El libro salió al mismo tiempo que se conoció que Eltit se convirtió en la segunda mujer en ganar el Premio Internacional Carlos Fuentes a la Creación Literaria 2020 por “su compromiso con la reinvención del lenguaje”. La escritora chilena tiene un nombre extraño que la ha obligado a múltiples contorsiones a lo largo de su vida (que comenzó en Santiago de Chile, el 24 de agosto de 1947). Si la llaman Daniela o Damiela, responde. Un profesor de la secundaria le dijo “Deidamia” y aunque experimentó un terromoto psíquico al escuchar esa errata ella igual se levantó de la silla y fue hasta la pizarra. En la novela fundacional chilena, Martín Rivas, escrita por Alberto Blest Gana en el siglo XIX, la perra de la narración se llamaba Diamela. Mientras estudiaba la licenciatura en Literatura en la universidad, en un seminario de novelas argentinas fundamentales leyó El inglés de los güesos, de Benito Lynch. La perra de la narración, para mayor asombro, también se llamaba Diamela. La madre, que no leyó ninguna de las dos novelas, eligió ese nombre por las flores de dos colores que tiene un arbusto.

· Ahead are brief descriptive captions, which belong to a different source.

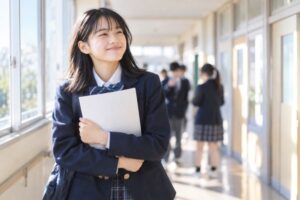 返却されたテストの答案を胸の前に持ち、校舎の廊下でほっとした表情を見せる制服の中学生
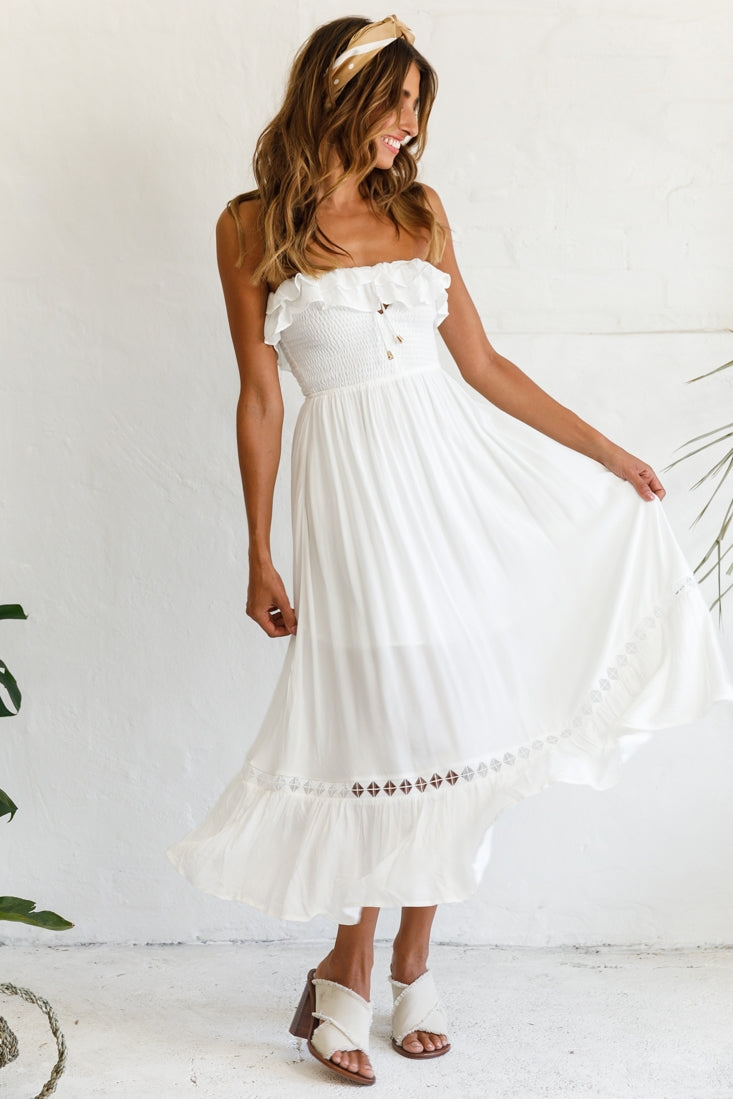 Daydream Shirred Bust Frill Trim Maxi Dress White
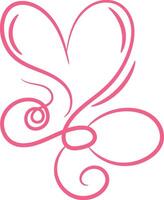 Calligraphy Red Double Heart vector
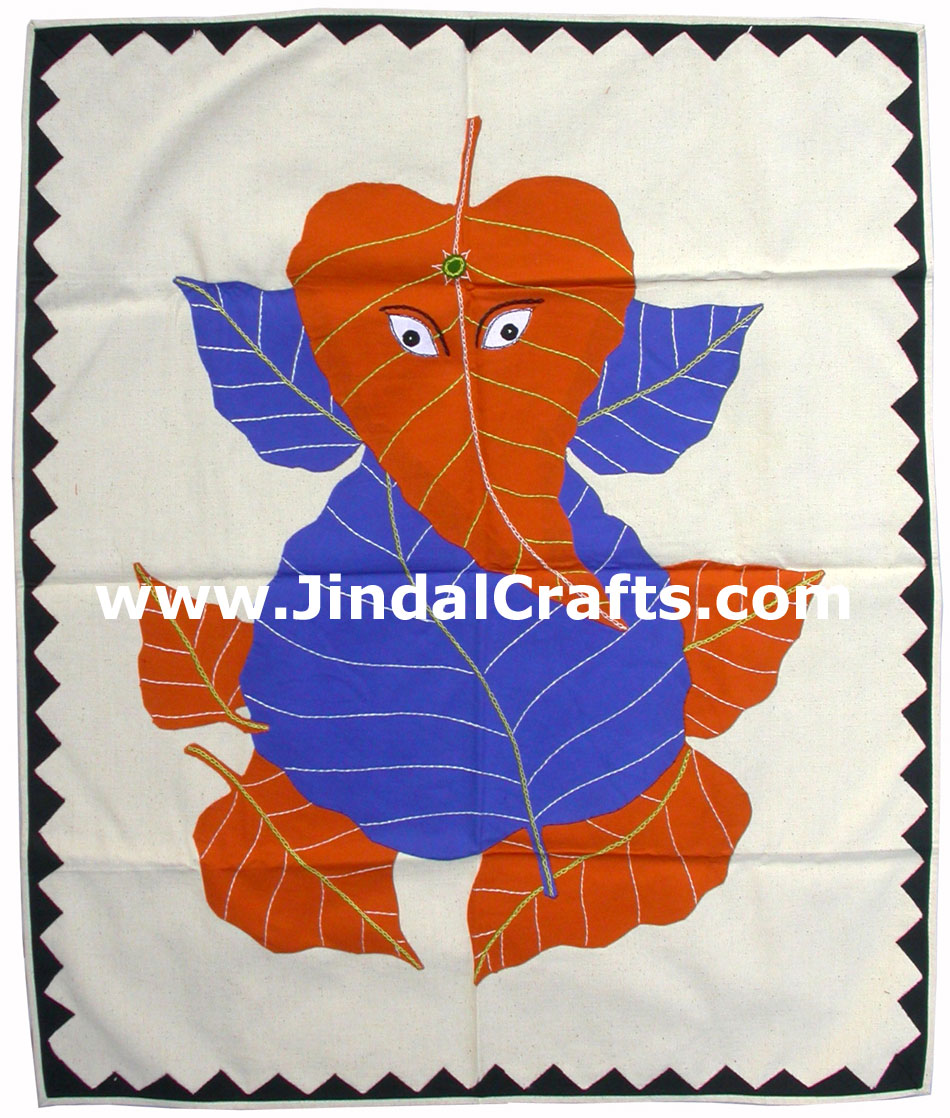 Applique Wall Ganesha Hanging - Indian Traditional Art Craft Handicraft Artifact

“Me resulta perturbadora la biologización de la letra en la cultura. Las gestiones, congresos, organizaciones que se formularon y se desplegaron para examinar producciones y hacer visible la existencia de la ‘literatura de mujeres’ en un primer tiempo (hace más de treinta años) me parecieron inclusivas, necesarias, políticas”, explica Eltit, quien participó como organizadora del primer congreso de escritoras que se realizó en Chile en 1987. “Pero más adelante comprendí que el sistema literario convertía ese movimiento reparador en una maquinaria desde la cual era posible discriminar de manera masiva. La tarea política es restaurar la letra, desbiologizarla y llevarla a habitar la precisión del sentido. Pienso que la obligación de democratizar la literatura ampliaría el sistema literario. Desde esa perspectiva, me parece urgente romper el binarismo: literatura de mujeres y literatura (de hombres, la verdadera)”, propone la autora de las novelas Lumpérica (1983), El cuarto mundo (1988), Vaca sagrada (1991), Los trabajadores de la muerte (1998), Jamás el fuego nunca (2007), Impuesto a la carne (2010) y Fuerzas especiales (2013), entre otras, que obtuvo el Premio Nacional de Literatura de Chile en 2018.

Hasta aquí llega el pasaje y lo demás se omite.